WORK TO COMPLETE:
Pictures aside, print all of the data below exactly as written.

RECORDED DATA:
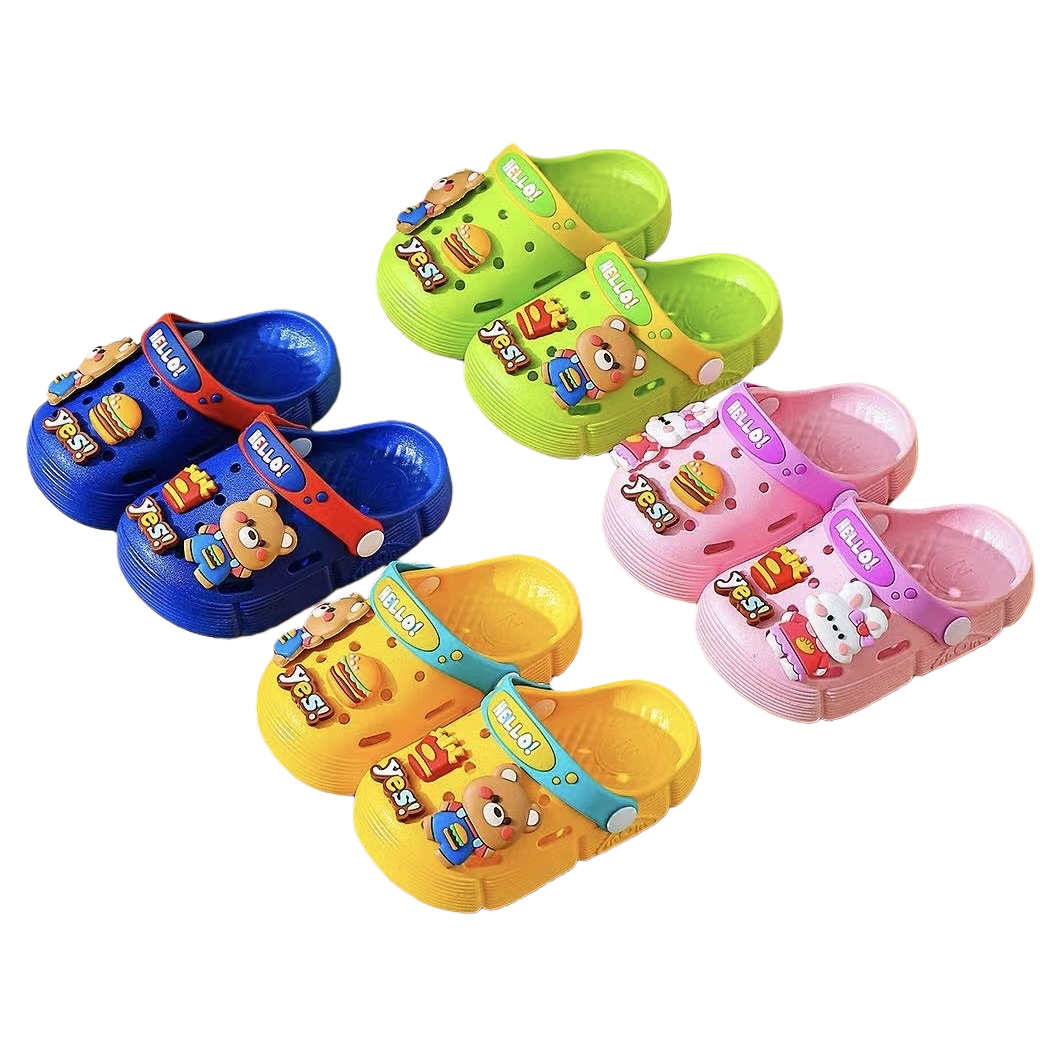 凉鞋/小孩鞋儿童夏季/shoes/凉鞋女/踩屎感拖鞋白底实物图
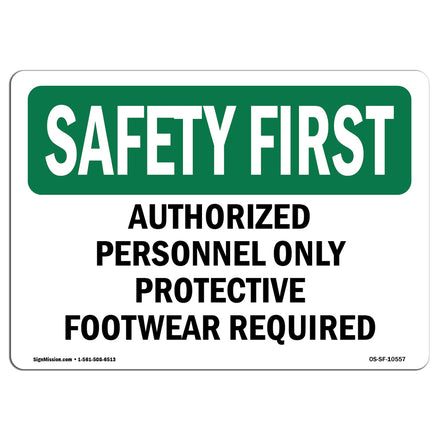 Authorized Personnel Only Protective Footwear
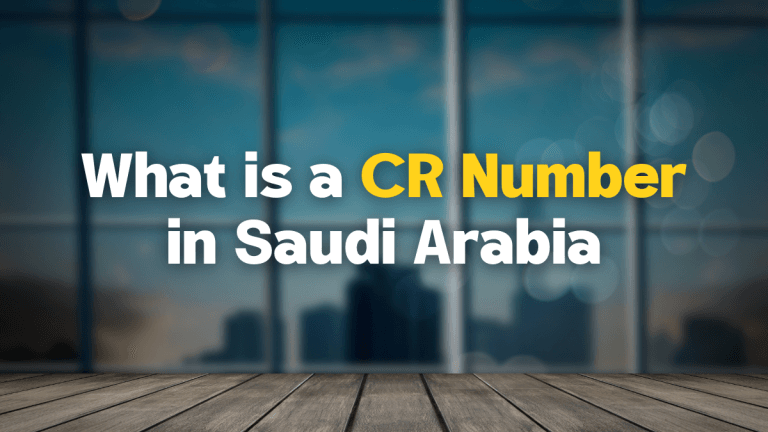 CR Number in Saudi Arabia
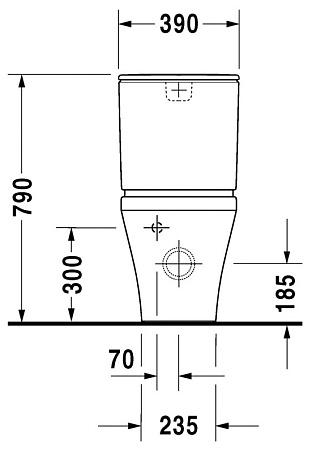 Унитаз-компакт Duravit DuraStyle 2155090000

ANSWER FOR THE TASK:
 凉鞋/小孩鞋儿童夏季/shoes/凉鞋女/踩屎感拖鞋白底实物图
 Authorized Personnel Only Protective Footwear
 CR Number in Saudi Arabia
 Унитаз-компакт Duravit DuraStyle 2155090000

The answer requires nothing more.